PETALING JAYA: IGB Real Estate Investment Trust (IGB-REIT) is maintaining a cautious outlook due to several challenges facing retail sales this year.
The trust, which has the Mid Valley Megamall and the Gardens Mall in its portfolio, said the shortage of workers, higher operating costs, intense competition are among the hurdles for the retail industry.
IGB-REIT released its financial results for its second quarter ended June 30 (2Q23) yesterday, with net profit just nudging down 3% year-on-year (y-o-y) to RM81mil, despite revenue growing by 5.8% y-o-y to RM141.5mil.

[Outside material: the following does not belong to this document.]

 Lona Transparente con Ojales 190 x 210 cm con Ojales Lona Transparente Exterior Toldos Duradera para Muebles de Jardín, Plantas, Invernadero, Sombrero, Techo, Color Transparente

It attributed the higher total revenue to the increase in rental income during the quarter in review, while escalated utility expenses and higher reversal for impairment of trade receivables in the corresponding quarter of last year were the reasons for the marginally lower net earnings.Year-to-date net profit rose 4.9% y-o-y to RM177.2mil as revenue rose 10.7% y-o-y to RM296.2mil due to the higher rental income in the first six months of 2023, arising from the improving retail sales of tenants.
Meanwhile, IGB Commercial Real Estate Investment Trust (IGB Commercial-REIT) said the reduced electricity surcharge rate for non-domestic users with medium voltage and high voltage, from 20 sen/kWh to 17 sen/kWh, would have a positive impact on the commercial real estate industry.